Of course, time restraints mean that they can never go into too much detail, but shows like this are only ever intended to be a jumping off point, especially ones like this that aim to give some light relief. Of course, it is seen by many as a home to ‘libtards’, although this seems harsh when you consider they have been as quick to criticise the shortcomings of Clinton and Corbyn as they have to May and Trump, it’s just the latter two have now got power and need to be more accountable for what they say and do.

My biggest critique is that actually, for all its talk of equality and diversity, it sometimes fails its own standards. The last three female guests on the show, Victoria Coren Mitchell, Sandi Toksvig and Sharon Horgan, have all been paired with male guests, with only Horgan’s understandable, as it was her writing partner Rob Delaney. Both Coren Mitchell and Toksvig could hold their own. There didn’t seem to be a need to book a female guess to counter balance Kevin Bridges, and, as Harry Hill pointed out when he appeared, it was ironic that the show broadcast on International Women’s Day had five men and no women.

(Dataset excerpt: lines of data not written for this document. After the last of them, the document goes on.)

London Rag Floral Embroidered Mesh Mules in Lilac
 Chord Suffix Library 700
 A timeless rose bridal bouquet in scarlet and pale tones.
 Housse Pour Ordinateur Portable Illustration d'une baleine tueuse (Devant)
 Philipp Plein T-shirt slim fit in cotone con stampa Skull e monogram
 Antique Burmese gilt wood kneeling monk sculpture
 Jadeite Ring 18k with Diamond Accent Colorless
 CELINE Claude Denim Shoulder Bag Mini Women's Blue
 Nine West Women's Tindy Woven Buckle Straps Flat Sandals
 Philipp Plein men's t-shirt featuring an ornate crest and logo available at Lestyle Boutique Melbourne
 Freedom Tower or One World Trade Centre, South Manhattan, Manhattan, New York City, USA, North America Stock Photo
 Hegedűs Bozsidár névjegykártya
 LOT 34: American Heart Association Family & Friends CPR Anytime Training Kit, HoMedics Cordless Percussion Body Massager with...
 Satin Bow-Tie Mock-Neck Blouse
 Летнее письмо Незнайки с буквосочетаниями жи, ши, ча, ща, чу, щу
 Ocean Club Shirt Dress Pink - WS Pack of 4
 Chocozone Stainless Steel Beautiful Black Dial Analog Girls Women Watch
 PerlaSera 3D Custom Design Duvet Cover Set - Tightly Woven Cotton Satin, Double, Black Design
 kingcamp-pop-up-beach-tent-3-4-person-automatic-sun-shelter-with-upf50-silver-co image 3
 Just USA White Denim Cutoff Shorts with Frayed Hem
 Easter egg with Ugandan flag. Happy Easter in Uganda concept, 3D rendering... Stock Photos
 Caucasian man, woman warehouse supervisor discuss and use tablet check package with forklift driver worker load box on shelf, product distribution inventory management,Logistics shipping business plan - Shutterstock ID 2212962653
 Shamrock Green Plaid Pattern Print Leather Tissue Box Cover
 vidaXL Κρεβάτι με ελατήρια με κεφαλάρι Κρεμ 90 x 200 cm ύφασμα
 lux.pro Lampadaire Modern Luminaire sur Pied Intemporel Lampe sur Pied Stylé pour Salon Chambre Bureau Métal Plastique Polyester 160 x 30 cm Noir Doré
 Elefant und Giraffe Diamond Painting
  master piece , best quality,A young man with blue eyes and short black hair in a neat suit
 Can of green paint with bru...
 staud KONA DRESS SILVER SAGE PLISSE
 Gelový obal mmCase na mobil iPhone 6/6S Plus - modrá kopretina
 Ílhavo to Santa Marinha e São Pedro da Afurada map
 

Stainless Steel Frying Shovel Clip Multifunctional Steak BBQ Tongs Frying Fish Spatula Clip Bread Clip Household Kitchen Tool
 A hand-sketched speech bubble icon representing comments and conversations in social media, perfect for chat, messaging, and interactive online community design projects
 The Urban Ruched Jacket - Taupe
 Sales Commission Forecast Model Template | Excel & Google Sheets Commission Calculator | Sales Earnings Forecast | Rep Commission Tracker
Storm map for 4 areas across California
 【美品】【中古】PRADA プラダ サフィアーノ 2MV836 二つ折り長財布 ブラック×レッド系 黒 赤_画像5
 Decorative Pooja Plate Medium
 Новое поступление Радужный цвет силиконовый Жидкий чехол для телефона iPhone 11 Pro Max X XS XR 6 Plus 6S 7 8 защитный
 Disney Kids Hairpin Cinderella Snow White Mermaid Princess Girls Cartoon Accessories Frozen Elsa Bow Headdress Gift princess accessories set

Similar arguments could be made regarding race and LGBT figures (Stormzy the sole BME guest and Toksvig ticking the LGBT box for the series). Nobody wants this reduced to a box-ticking exercise but something as simple as allowing female guests to fly solo would be a start.

Am I being pedantic? Maybe. But it would be a shame for a show that covers equality and diversity so well in other areas to fall on something as basic as this. Otherwise it might be their hiring policy that is termed ‘bullshit’.


Most TV shows I find I have to watch every week, even if there is no requirement to do so. Chat shows, for example, require no knowledge of who was on previously to impact on the next one. Even so, I often tune in avidly.

The exception to this rule is when the chat show is more one-on-one. Unlike a more ‘panel’ based one, you are entirely dependent on being interested in that person who is under the microscope. A public figure could give all the revelations they want, but if you find the person repellent or just plain dull then the information means nothing.

Which is why I am so surprised at my own hit rate at watching John Bishop: In Conversation With. Three out of the four guests he has had on I have found interesting: James Corden, Charlotte Church and Alex Brooker. Admittedly, I find them so for different reasons. Corden and Brooker, to me, are naturally funny people. I find the dislike of Corden in some quarters to be almost irrational. Church, meanwhile, has led a truly fascinating life as someone who travelled through the always turbulent child star years to being an uncompromising musician and social campaigner.

One thing I did find in each episode is surprisingly varied tone in each one. This is to some degree understandable, as each guest is different. Yet there did seem to be a disparity in how Bishop treated Corden, a friend of his, to Church, an unknown figure to him.

Take for example the way Corden was questioned about his reaction to fame. He happily offered up the opportunity for Bishop to grill him about some less than dignified moments, but Bishop didn’t bite. No attempt to reference his spat with Patrick Stewart, for example. Instead, it felt like he had only interest in praising Corden.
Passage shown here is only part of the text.